* [Source records]
......

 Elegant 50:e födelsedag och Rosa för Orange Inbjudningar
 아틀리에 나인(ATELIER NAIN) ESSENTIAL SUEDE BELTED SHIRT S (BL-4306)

......

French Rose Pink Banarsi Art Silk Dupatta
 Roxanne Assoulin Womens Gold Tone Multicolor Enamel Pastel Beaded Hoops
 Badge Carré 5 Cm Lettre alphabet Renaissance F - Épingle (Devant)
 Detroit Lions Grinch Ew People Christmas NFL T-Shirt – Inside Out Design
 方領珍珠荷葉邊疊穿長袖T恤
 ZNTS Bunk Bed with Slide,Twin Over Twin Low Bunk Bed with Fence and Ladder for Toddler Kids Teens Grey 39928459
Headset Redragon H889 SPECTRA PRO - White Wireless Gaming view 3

......

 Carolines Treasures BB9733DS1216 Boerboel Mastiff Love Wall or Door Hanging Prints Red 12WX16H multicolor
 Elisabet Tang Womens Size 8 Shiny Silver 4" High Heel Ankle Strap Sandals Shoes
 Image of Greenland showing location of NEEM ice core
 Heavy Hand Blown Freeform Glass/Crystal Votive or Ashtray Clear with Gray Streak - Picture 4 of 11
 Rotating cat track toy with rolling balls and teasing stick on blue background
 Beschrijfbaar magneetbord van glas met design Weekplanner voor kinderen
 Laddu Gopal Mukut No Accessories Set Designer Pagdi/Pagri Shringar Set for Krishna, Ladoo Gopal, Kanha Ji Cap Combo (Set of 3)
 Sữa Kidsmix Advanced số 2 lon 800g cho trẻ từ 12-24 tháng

......

* [Your objective] Precisely the lines between those holding "Elegant 50:e födelsedag" and "아틀리에 나인(ATELIER NAIN)", inclusive, are to be reproduced from the listing above, with nothing added.

* [Written response]
 Elegant 50:e födelsedag och Rosa för Orange Inbjudningar
 아틀리에 나인(ATELIER NAIN) ESSENTIAL SUEDE BELTED SHIRT S (BL-4306)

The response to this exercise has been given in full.